Not to worry. We both had other things to think about. But, you say, in reply to what I said,
<Still if we view speach from a control theory standpoint, then the
disruption caused by poor speech is a disruption that takes place in and because of the
reference levels on the part of the person who is listenng to the speech.>
Man I love the way you explain that. Others words can not hurt you unless
you allow them to disturb your references of yourself. I think that is a PCT
corollary. There is another old adage that if you let someone make you angry,
you are allowing them to control you. Can you expound on this as it relates to PCT?
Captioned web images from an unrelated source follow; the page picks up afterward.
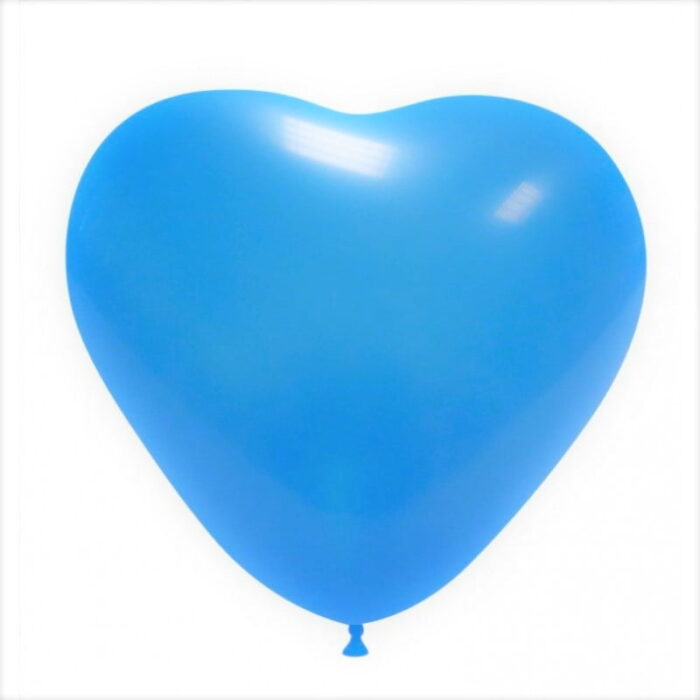 balao coracao azul bebe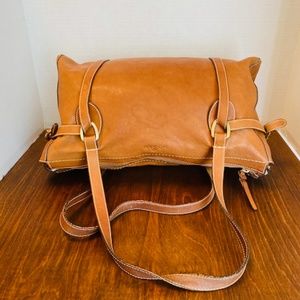 Hogan Tan Satchel Soft Leather Casual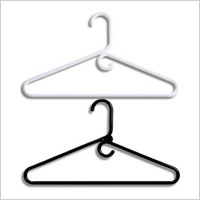 Black and white heavywieght hangers 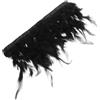 Beavorty Braccialetto Slap Piume Nero Leggero e Multifunzionale, Fascia Polso Decorativa in Stoffa e Piume per Feste e Accessori Femminili Unici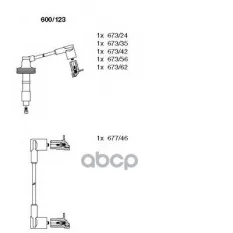 К-КТ ПРОВОДОВ ВВ RENAULT SAFRANE II 96-00  VOLVO 850 91-96  C70 I 97-05  S70 97- BREMI арт. 600123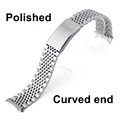 Polished-Curved end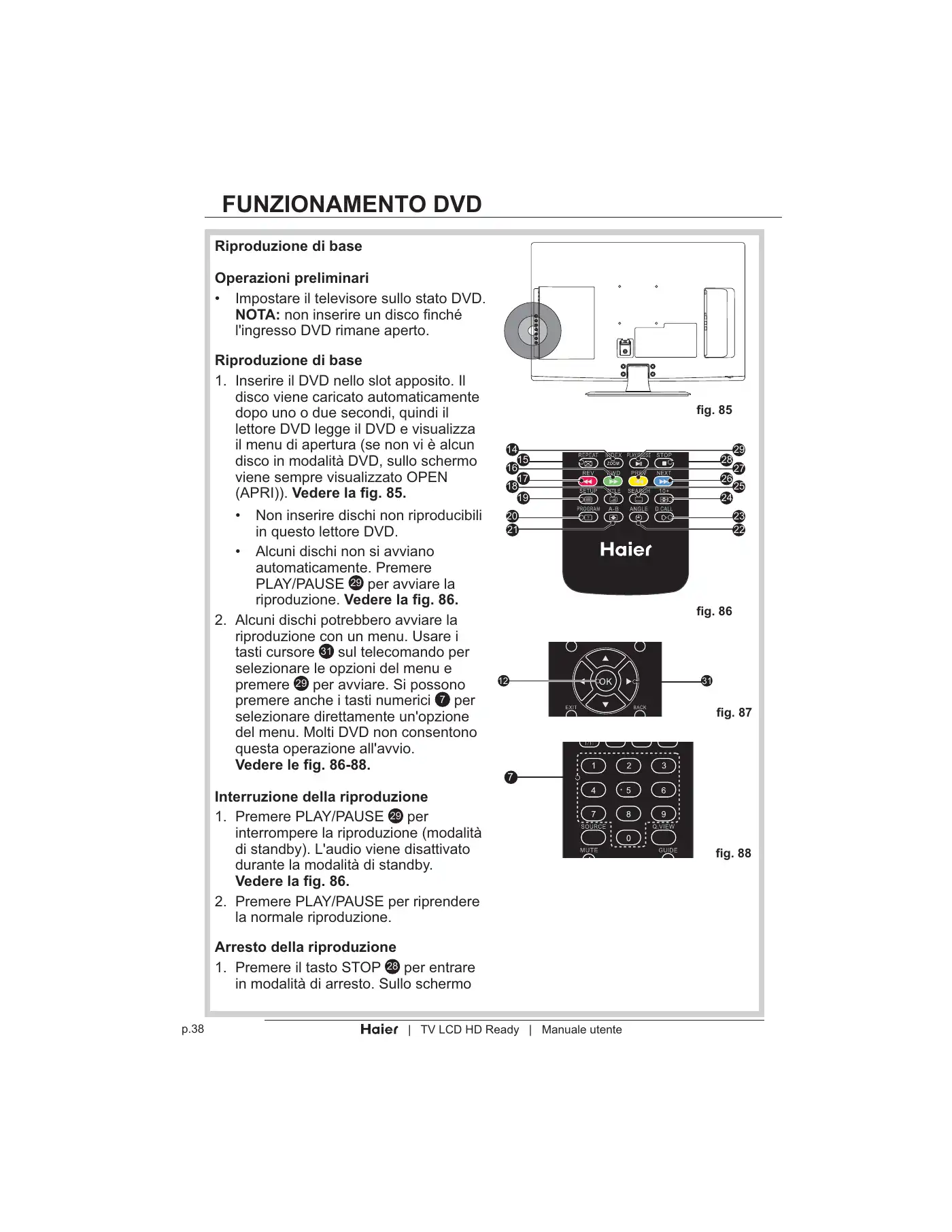 Haier LT19Z6 User Manual Manual pdf 208 page image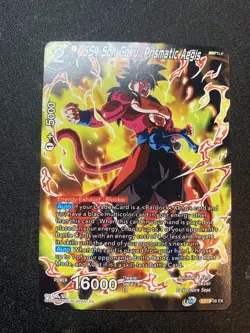 SS4 Son Goku, Prismatic Burst Aegis 2021 Anniversary Dragon Ball Super Card TCG - Image 3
Well,... you and I may be confident, confident that is that the source of pain that some sorts of speech may cause is a pain that we generate because we have allowed what we have heard to disturb our self-concept. As you say, you regard it as a PCT corollary. So do I. (But, not everyone on the CSGnet agrees with us.) And, I as a practical matter recognize that there is a huge difference between recognizing what we understand to be the control theory implications as applied to speach as something like the truth of a proposition in geometry and applying the "abstract" understanding in difficult conditions in the real world, in real time.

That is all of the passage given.